• _Exercise data_:
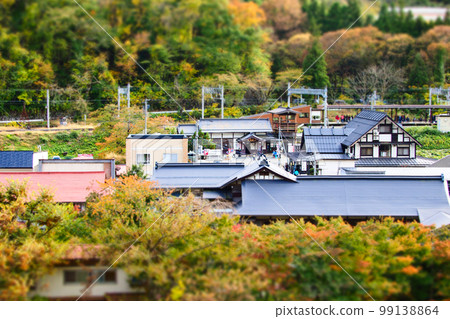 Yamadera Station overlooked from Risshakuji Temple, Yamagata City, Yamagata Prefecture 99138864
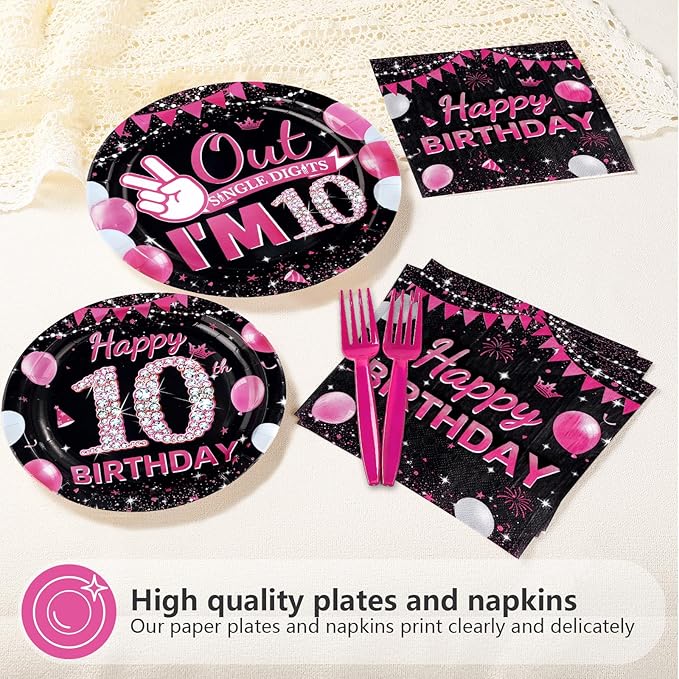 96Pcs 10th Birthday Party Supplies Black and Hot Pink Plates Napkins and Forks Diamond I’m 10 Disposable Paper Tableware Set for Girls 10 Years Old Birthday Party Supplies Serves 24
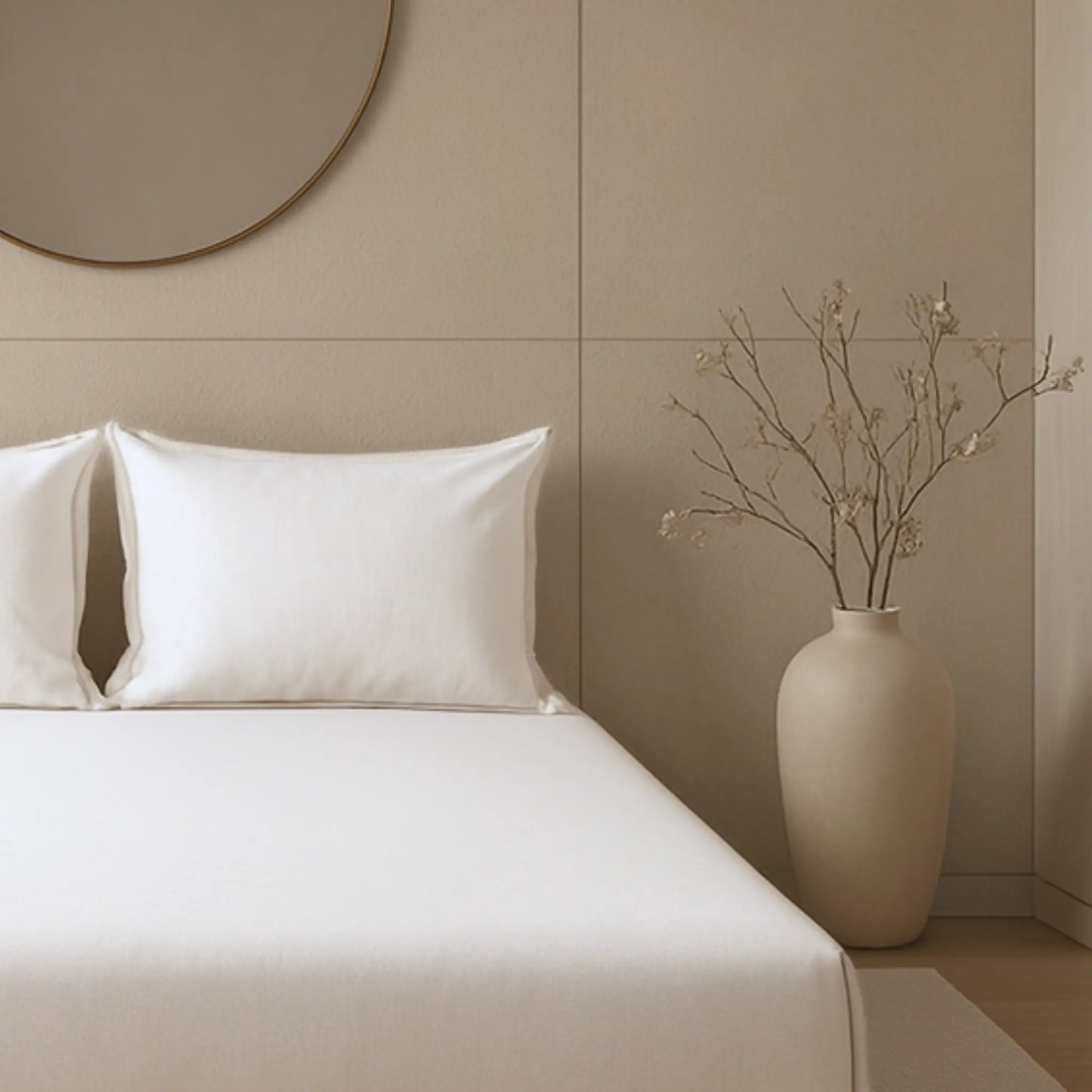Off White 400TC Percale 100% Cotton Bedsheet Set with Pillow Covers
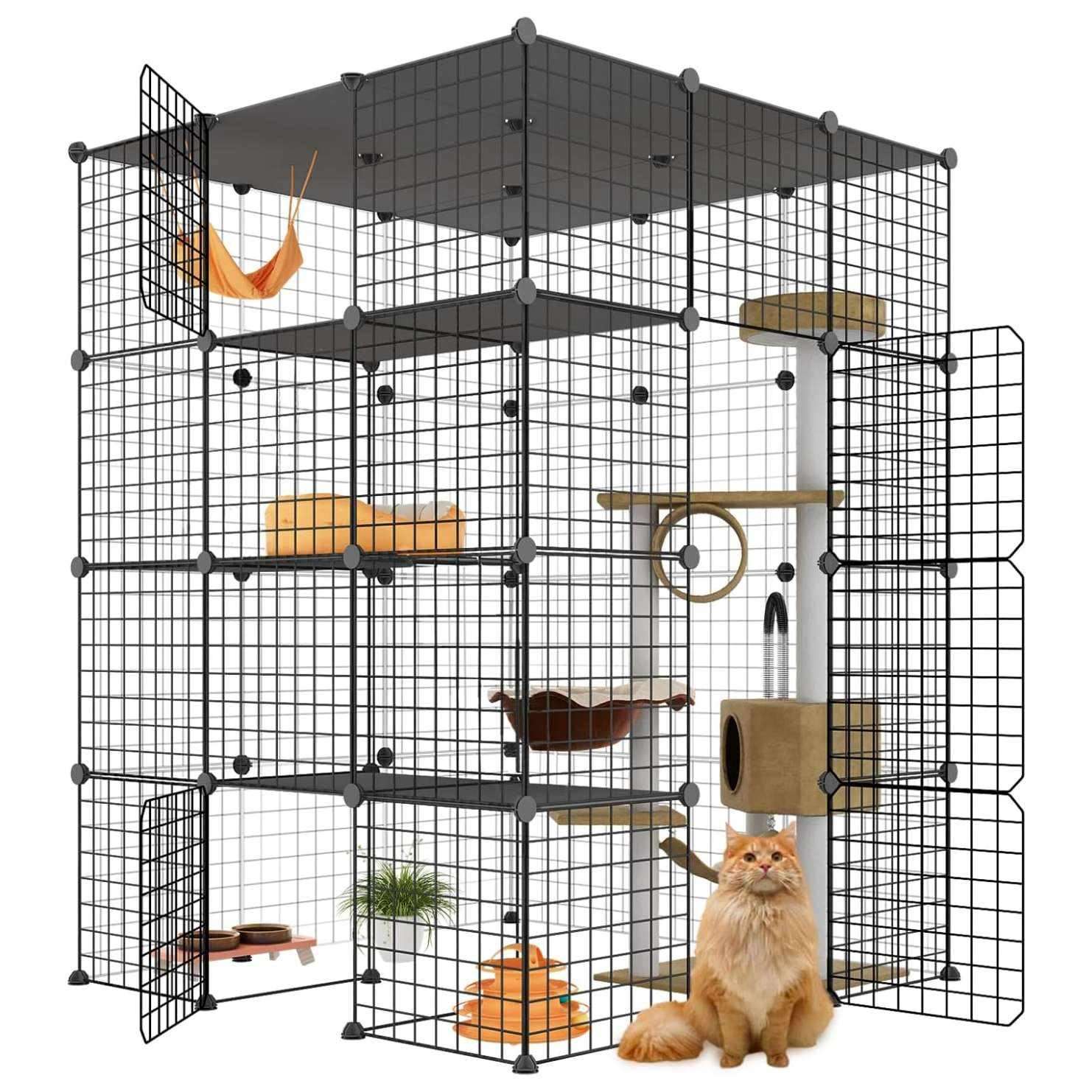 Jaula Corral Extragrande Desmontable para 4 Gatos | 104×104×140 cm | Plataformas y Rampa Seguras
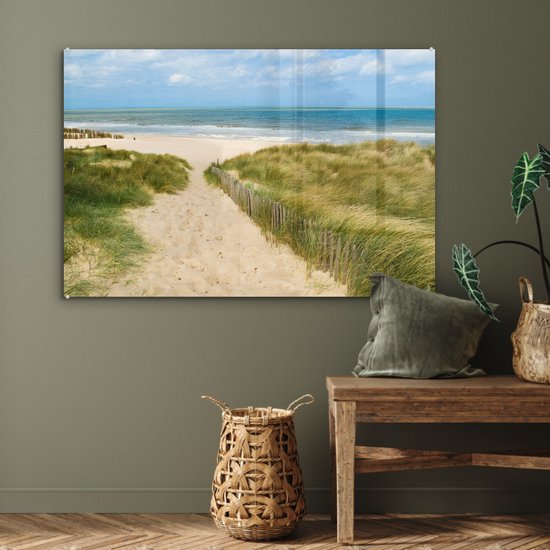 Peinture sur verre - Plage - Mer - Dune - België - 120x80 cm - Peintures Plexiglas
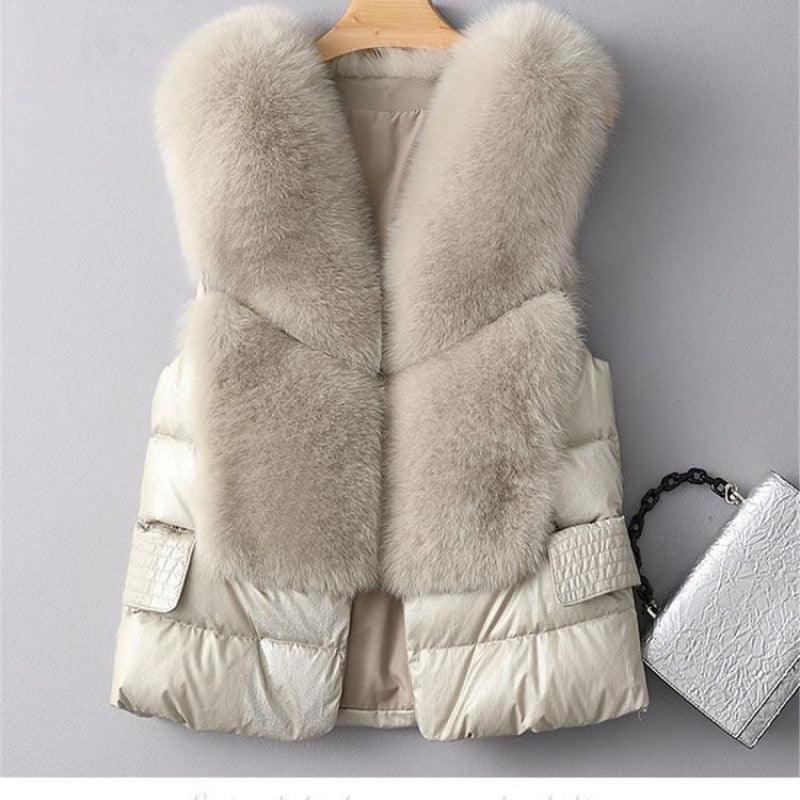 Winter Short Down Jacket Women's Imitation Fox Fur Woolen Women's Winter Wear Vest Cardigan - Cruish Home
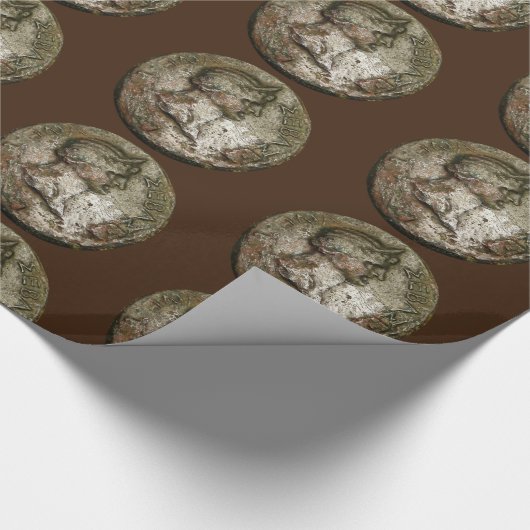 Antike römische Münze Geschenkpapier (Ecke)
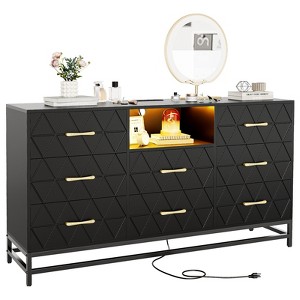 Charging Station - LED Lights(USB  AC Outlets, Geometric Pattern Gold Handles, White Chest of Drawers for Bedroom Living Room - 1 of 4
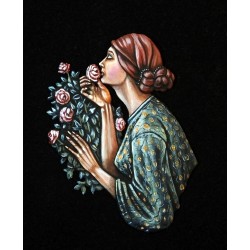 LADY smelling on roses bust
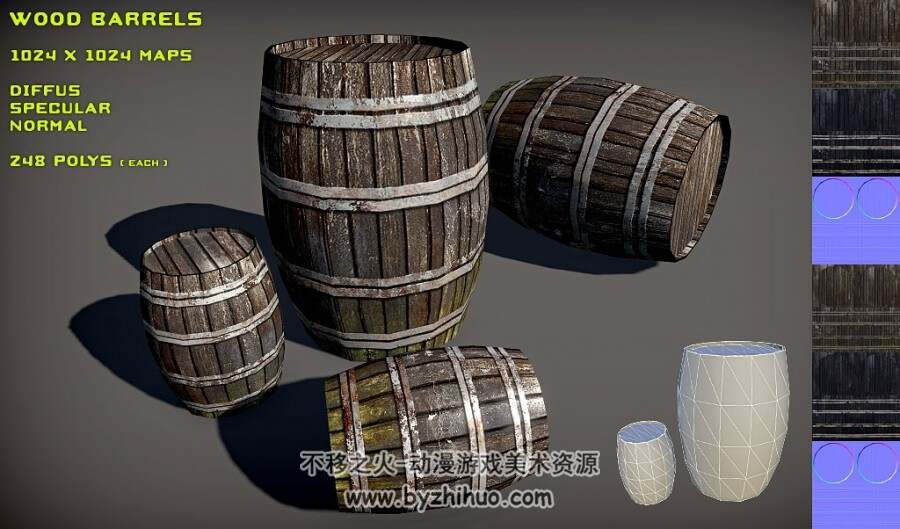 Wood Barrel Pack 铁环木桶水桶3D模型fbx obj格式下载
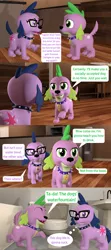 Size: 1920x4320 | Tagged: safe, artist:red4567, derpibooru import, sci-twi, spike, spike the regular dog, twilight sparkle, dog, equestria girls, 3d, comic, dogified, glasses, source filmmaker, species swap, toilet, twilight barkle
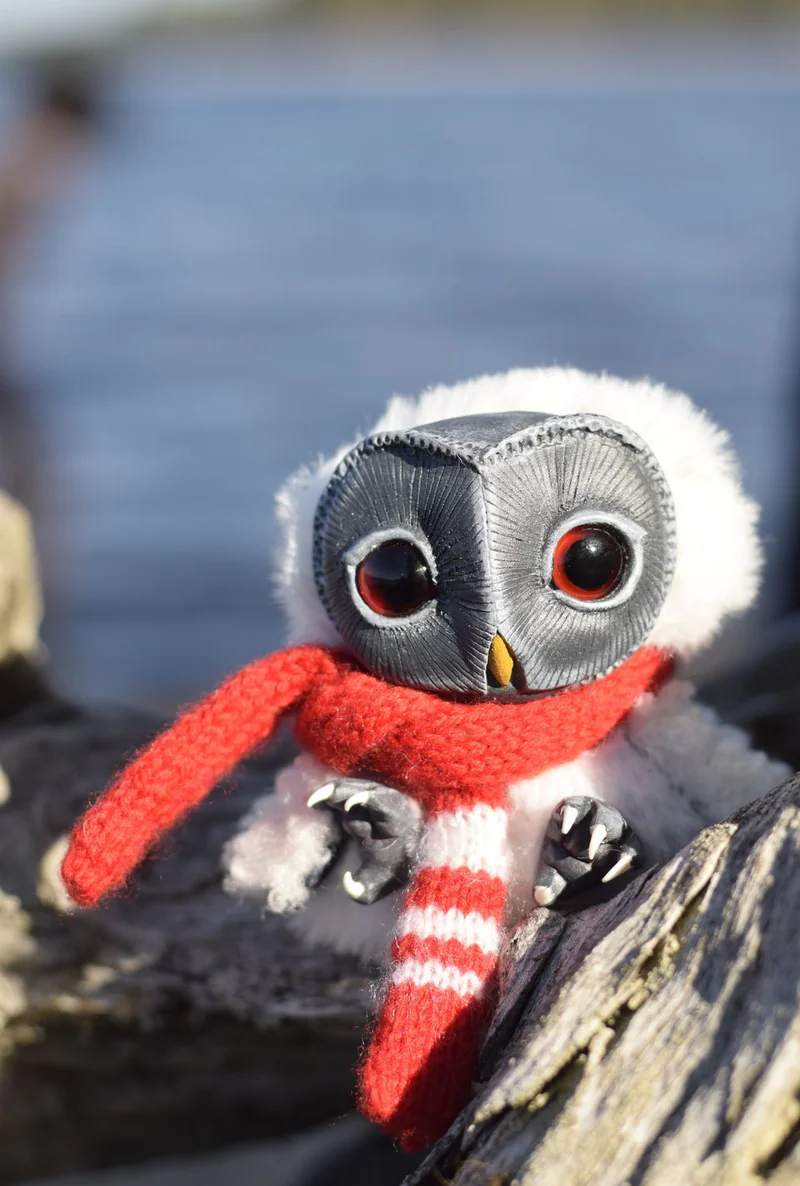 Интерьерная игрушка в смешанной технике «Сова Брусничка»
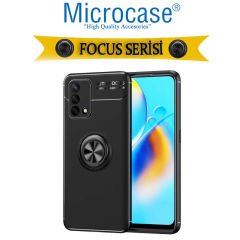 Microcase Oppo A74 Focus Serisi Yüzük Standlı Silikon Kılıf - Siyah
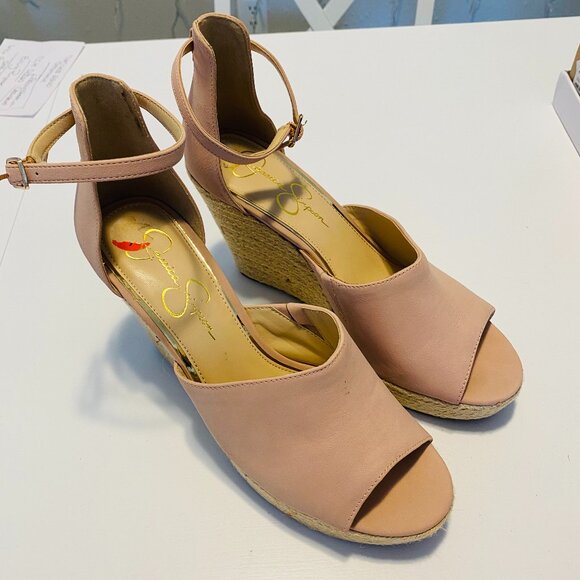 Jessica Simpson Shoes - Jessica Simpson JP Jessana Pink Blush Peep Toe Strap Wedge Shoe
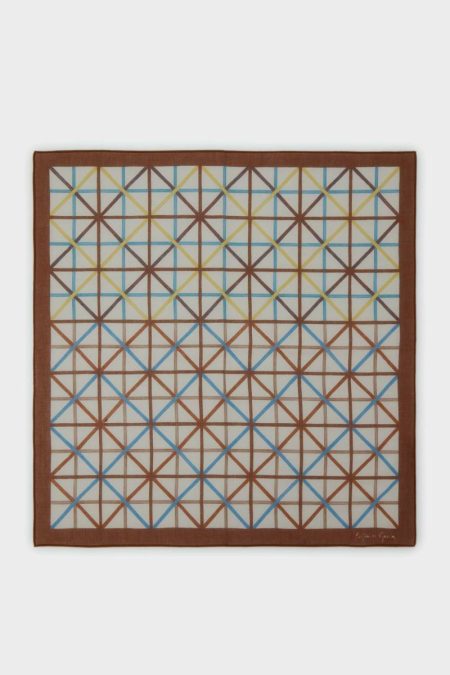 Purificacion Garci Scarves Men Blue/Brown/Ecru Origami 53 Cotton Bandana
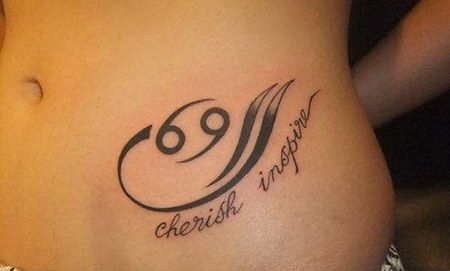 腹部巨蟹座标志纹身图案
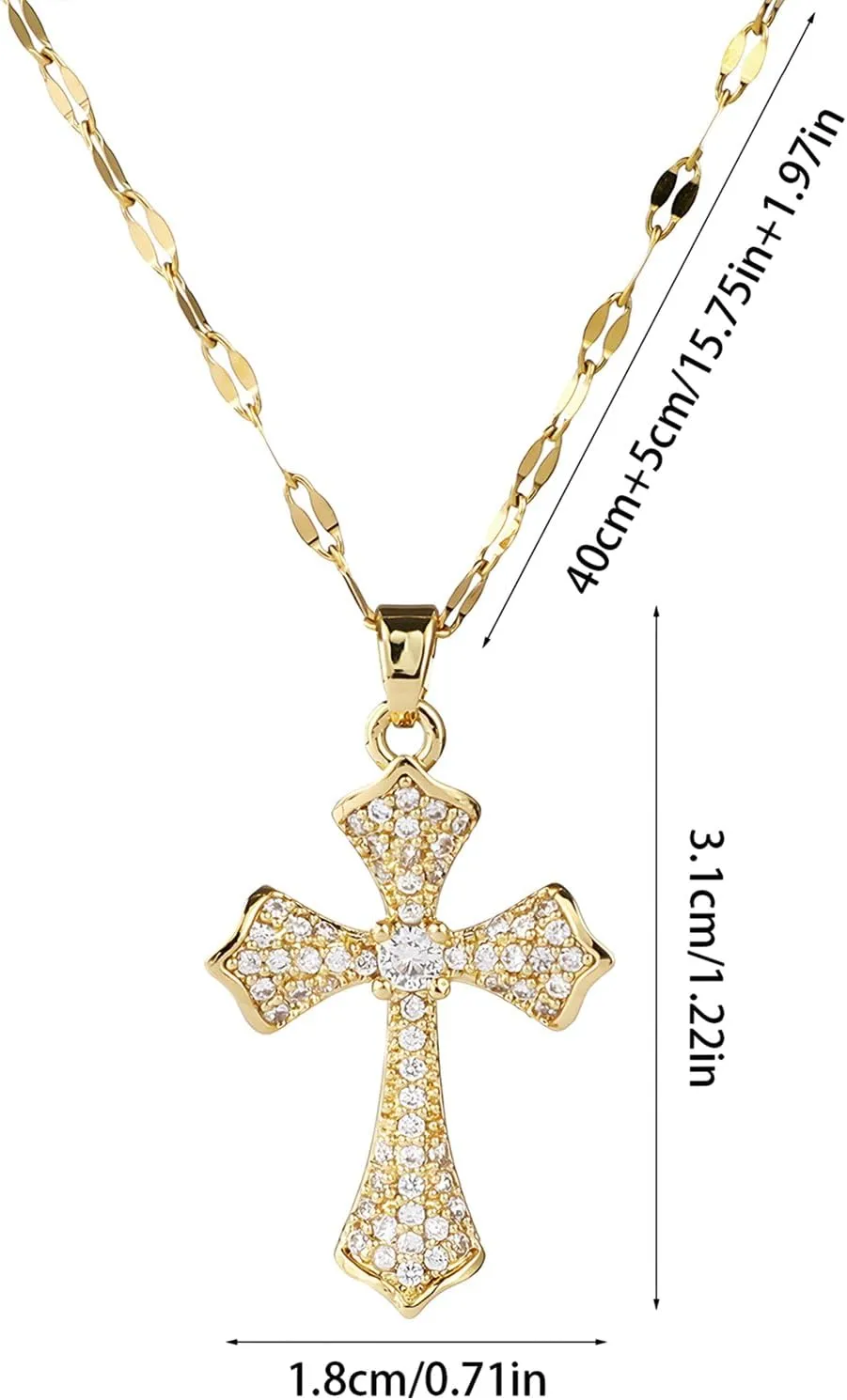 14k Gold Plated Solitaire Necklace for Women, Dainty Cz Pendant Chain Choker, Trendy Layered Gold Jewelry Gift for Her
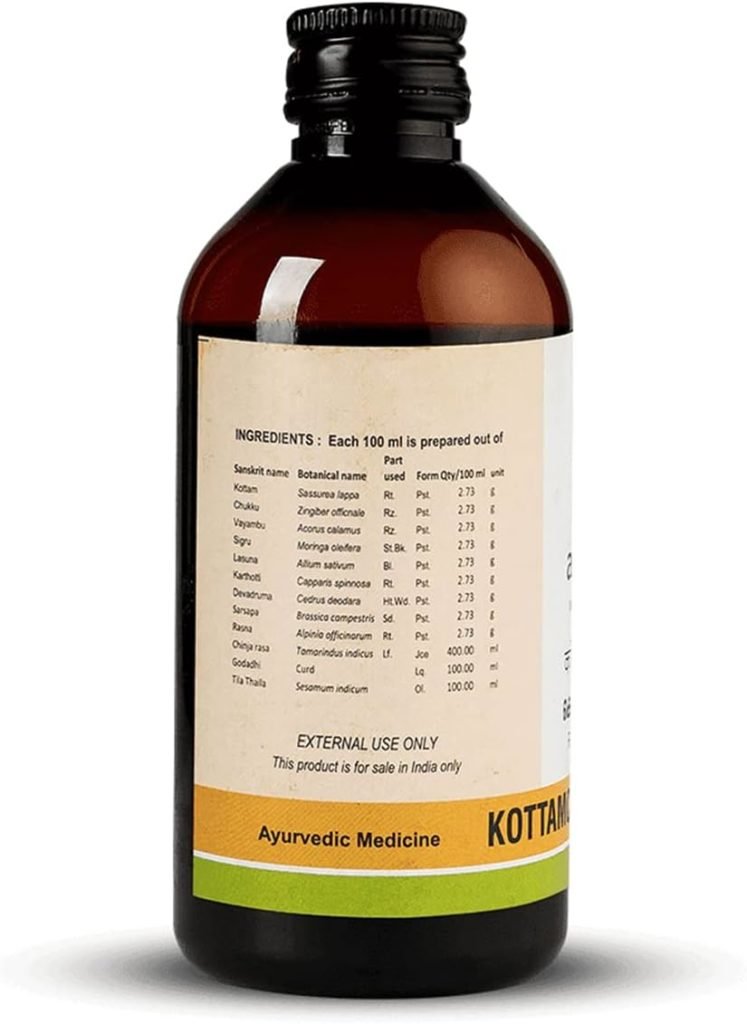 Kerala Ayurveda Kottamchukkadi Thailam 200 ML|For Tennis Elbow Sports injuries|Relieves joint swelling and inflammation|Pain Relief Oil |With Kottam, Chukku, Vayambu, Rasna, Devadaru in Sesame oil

• _Instructions to follow_: Where a picture appears in the records above, omit it, and transcribe exactly the stretch of lines from the one with "Wood Barrel Pack 铁环木桶水桶3D模型fbx obj格式下载" through the one with "Microcase Oppo A74".

• _Expected answer_:
 Wood Barrel Pack 铁环木桶水桶3D模型fbx obj格式下载
 Size: 1920x4320 | Tagged: safe, artist:red4567, derpibooru import, sci-twi, spike, spike the regular dog, twilight sparkle, dog, equestria girls, 3d, comic, dogified, glasses, source filmmaker, species swap, toilet, twilight barkle
 Интерьерная игрушка в смешанной технике «Сова Брусничка»
 Microcase Oppo A74 Focus Serisi Yüzük Standlı Silikon Kılıf - Siyah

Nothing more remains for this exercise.